I well remember the sense of
anticipation in seeing in the New Year at the end of 1983. As I had grown up,
the year 1984 had stood as a symbol of a feared future in which, as the author
of that book puts it, ‘Big Brother is Watching You’. The book also contains the
lines: ‘He who controls the past controls the future. He who controls the
present controls the past.’ George Orwell wrote his book in 1949, when the year
1984 seemed a long way off. It was a work of fiction, yet a serious comment on
the way society was going and a warning about a future in which our society could
be under constant surveillance and public manipulation. Lots of interesting
things happened in 1984, but in other ways life in 1984 was not unlike 1983. At
the time, there was much commentary as to whether anything Orwell had predicted
has actually come true. Fifteen years
later, in 1999, the Wachowski Brothers released the highly original film The
Matrix. It won four Academy Awards and the story was continued by two further
films, which completed the planned trilogy. The story line is confusing at
first, which puts us in the same place as the hero, Thomas Anderson, who
operates as a computer hacker under the name Neo. What Neo comes to realise
(and too so we, the audience) is that the life people are experiencing is a
computer generated fantasy. In reality, the biological human life forms are
each contained in a water filled pod with their actual bodies plumbed into life
support tubes. This is the Matrix, a fantasy world controlled by others, which isolates
them from the realities of life. Neo is hailed as ‘The One’ who will lead the
way out of this vision of hell. But the system fights back to protect itself,
in the form of the many agents called ‘Smith’. The story is the battle for
freedom from the Matrix.
Of course (as far as we know),
the Matrix is a fantasy, yet it too comments on the society in which we live.

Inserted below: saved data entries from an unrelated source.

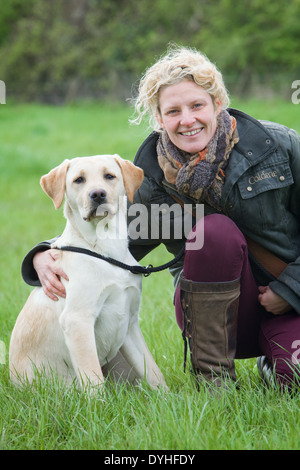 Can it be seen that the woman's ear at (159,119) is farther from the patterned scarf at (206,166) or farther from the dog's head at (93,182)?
the dog's head at (93,182)

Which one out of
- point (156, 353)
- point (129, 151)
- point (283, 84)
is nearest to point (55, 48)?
point (283, 84)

It uses a vivid story to question just how real are the things that seem to
make up the stuff of our lives and to what extent we are under the control of unseen
powers and forces. I have found myself reflecting on these things in the light
of the revelations about Cambridge Analytica and their use of some 50 million profiles
harvested from Facebook. The interviews with senior executives, secretly filmed
by Chanel 4 News, certainly suggest that some deeply worrying things have been
going on and that the company (or associated companies) was deeply involved in
Trump’s election success in America and (almost certainly) in the UK referendum
vote on Brexit. There is a lot of political posturing going on at the moment.

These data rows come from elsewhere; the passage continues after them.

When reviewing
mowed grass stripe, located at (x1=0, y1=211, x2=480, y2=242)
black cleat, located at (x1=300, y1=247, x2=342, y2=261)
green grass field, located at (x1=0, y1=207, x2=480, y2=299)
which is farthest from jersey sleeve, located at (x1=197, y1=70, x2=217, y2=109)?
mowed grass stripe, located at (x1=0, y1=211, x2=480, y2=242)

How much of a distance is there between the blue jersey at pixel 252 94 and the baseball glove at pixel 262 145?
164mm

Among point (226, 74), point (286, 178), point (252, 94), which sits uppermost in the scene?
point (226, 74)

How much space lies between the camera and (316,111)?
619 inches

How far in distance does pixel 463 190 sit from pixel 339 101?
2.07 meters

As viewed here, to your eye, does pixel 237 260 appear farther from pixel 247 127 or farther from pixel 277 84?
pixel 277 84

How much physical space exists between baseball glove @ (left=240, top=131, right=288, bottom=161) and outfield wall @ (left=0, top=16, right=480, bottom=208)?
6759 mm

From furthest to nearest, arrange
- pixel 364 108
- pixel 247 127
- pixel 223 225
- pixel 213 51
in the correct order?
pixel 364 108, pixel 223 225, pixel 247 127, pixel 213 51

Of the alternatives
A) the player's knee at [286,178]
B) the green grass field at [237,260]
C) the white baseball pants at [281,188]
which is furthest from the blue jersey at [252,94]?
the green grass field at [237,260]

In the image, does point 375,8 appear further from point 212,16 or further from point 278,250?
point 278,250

For those who dislike Brexit, here is evidence that there was cheating involved
and the vote cannot be seen to be valid. For those on the other side, this is
all a complete nonsense and the use of such data cannot possibly have had
anything to do with the result. I am somewhat bemused by those who think the analysis
of data and the resulting custom-building of advertising has no effect. Such
companies would not attract such high fees if this were the case. It is
estimated that at least 40% of the Leave Campaign’s was spent with these
companies. It was the way to win the vote.
It has been suggested that you
cannot win elections by putting adverts on Facebook. Yet this is not the point.
We are not consumers of Facebook, we are the product, and how the operation
worked was not to send us information through Facebook, but to harvest our
profiles. This allowed the kind of advertising (immigration, NHS, etc) that
would play to our deepest hopes and fears. It was not about winning arguments,
but playing emotions. It was also about identifying the half-million or so
people, who could swing the vote one way or the other, and feeding them what it
would take to vote in the right way. We were certainly played and manipulated.
Yet I wonder whether this is really any different to the kind of data-analysis
that has been practiced for a long time and by both side in any given contest.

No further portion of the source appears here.